__WORK INSTRUCTIONS__
Each line from the one that includes "African American Mother" to the last line of the data below should be set down exactly; no other lines are wanted.

Collected data entries:
-=-=-

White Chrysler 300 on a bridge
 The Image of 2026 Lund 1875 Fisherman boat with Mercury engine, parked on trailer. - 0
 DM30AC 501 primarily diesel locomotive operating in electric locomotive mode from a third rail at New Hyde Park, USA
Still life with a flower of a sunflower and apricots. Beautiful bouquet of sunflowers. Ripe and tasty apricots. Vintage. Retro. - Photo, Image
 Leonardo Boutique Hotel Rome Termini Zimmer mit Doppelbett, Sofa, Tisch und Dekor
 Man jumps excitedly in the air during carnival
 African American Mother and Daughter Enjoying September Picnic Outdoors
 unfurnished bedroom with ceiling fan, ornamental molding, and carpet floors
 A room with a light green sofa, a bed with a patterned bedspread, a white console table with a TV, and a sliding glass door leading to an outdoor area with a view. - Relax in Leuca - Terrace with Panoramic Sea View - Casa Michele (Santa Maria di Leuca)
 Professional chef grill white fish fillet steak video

-=-=-

__RESPONSE TO THIS EXERCISE__
 African American Mother and Daughter Enjoying September Picnic Outdoors
 unfurnished bedroom with ceiling fan, ornamental molding, and carpet floors
 A room with a light green sofa, a bed with a patterned bedspread, a white console table with a TV, and a sliding glass door leading to an outdoor area with a view. - Relax in Leuca - Terrace with Panoramic Sea View - Casa Michele (Santa Maria di Leuca)
 Professional chef grill white fish fillet steak video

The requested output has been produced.